I think I need a gadget along the lines of an operad enriched over the category of bounded lattices. But I'm having trouble thinking through what features enrichment would correspond to in an internal language. What does it mean to have the internal language of an enriched category?
Thinking about say a basic linear lambda calculus with additive conjunction you would want a syntax something like:
$$ \tau \mathrel{::=} \textbf{I} \mid \tau \otimes \tau' \mid \tau \multimap \tau' $$
$$ e\mathrel{::=} \textbf{tt} \mid e ; e' \mid e, e' \mid \lambda x\colon \tau. e \mid e e' \mid \top \mid \bot \mid e \wedge e' \mid e \vee e' $$
where you just glom on the extra operations provided by the category you've enriched in.
And you want most operations to be some kind of homomorphism.

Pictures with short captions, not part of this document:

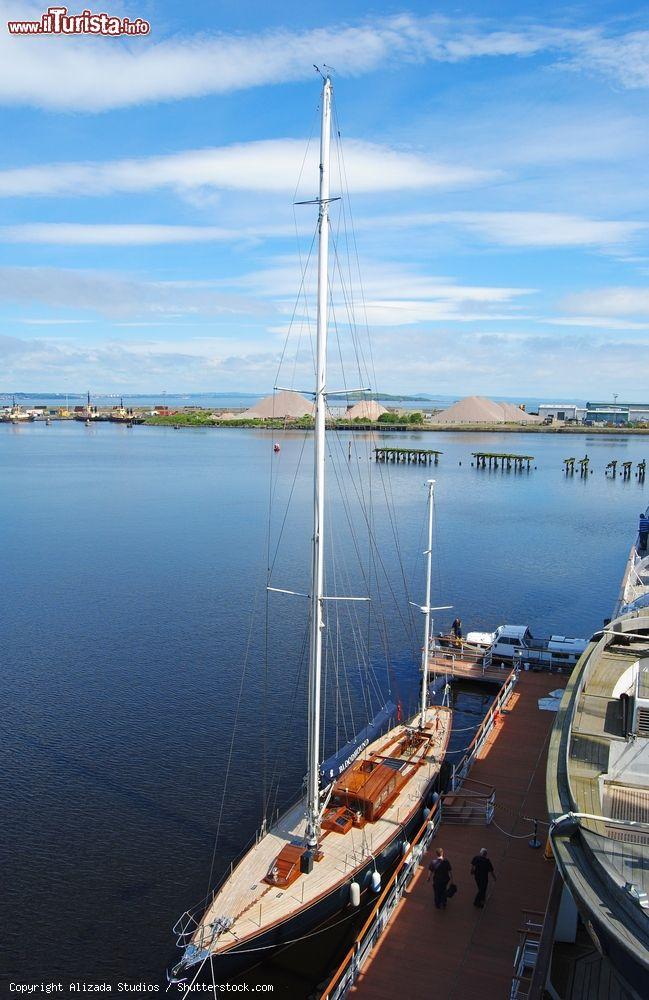 Immagine Il Bloodhound, uno yacht da competizione che era di proprietà della regina e che adesso è ormeggiato  a fianco del Royal Yacht Britannia a Edimburgo. - © Alizada Studios / Shutterstock.com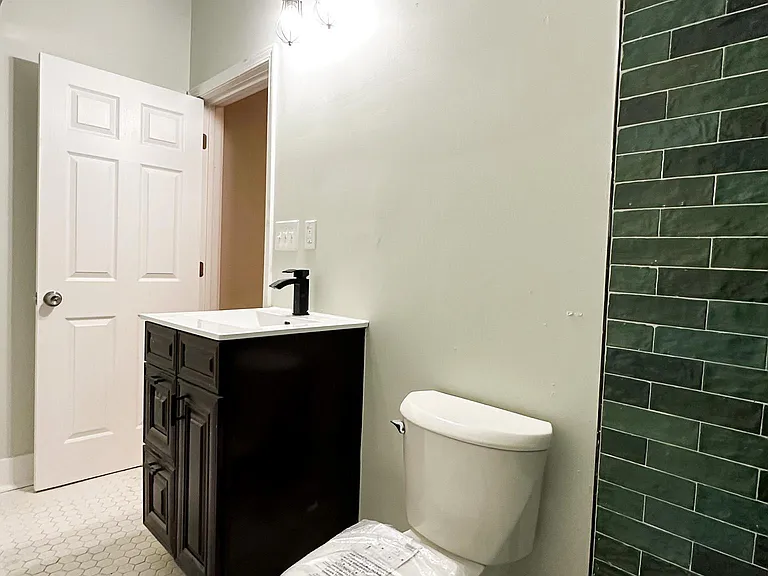 68 E McMicken Ave #10 — Photo 8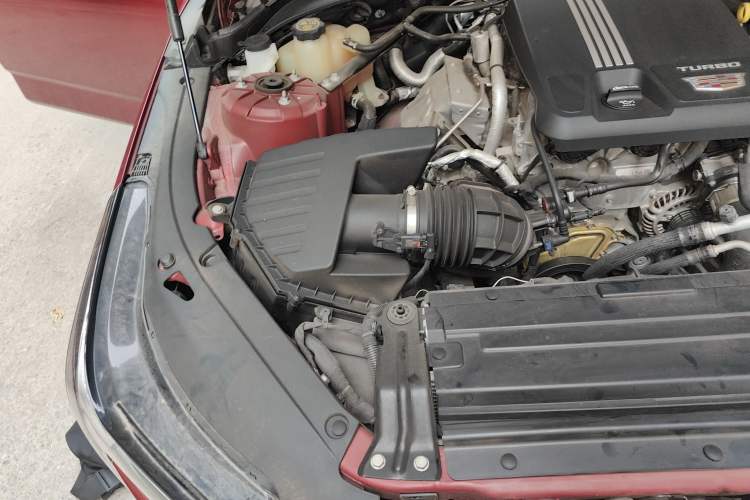 Used Cadillac CT4 2020 28T Elite Edition Engine Bay Right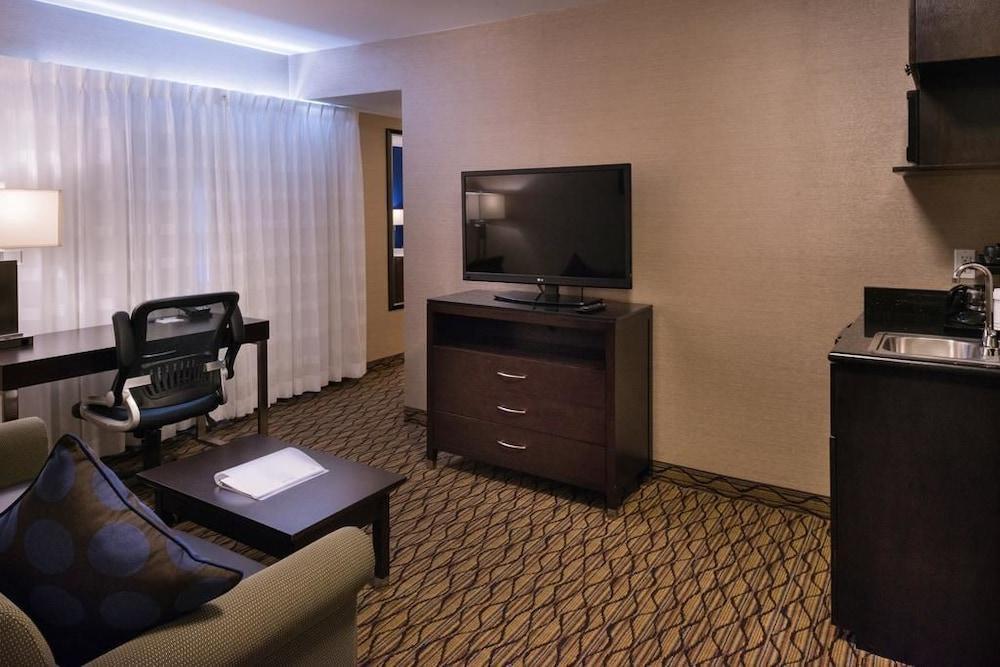 Holiday Inn Express & Suites Pasadena - Los Angeles By Ihg Eksteriør bilde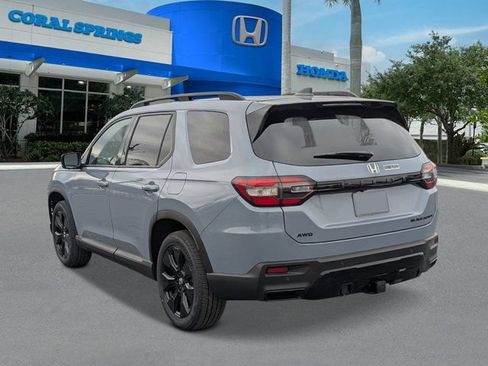 New 2026 Honda Pilot Black Edition image 3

I would expect equations along the lines of
$$ \bot, e = \bot $$ $$ e, \bot = \bot $$ $$ (e_1\wedge e_2), e_3 = (e_1, e_2) \wedge (e_2, e_3)$$
There's also an extra degree of freedom where you maybe want lax maps instead something like
$$ (e_1, e_2) \wedge (e_3, e_4) \vdash (e_1 \wedge e_3, e_2 \wedge e_4) $$
I guess you want $-,-$ to correspond to a map
$$\text{BoundedLattice}(\mathcal{C}(x, a) \cdot \mathcal{C}(y, b) , \mathcal{C}(x \otimes y, a \otimes b))$$
where $\cdot$ could be any number of bifunctors.
But I'm not sure of the exact details.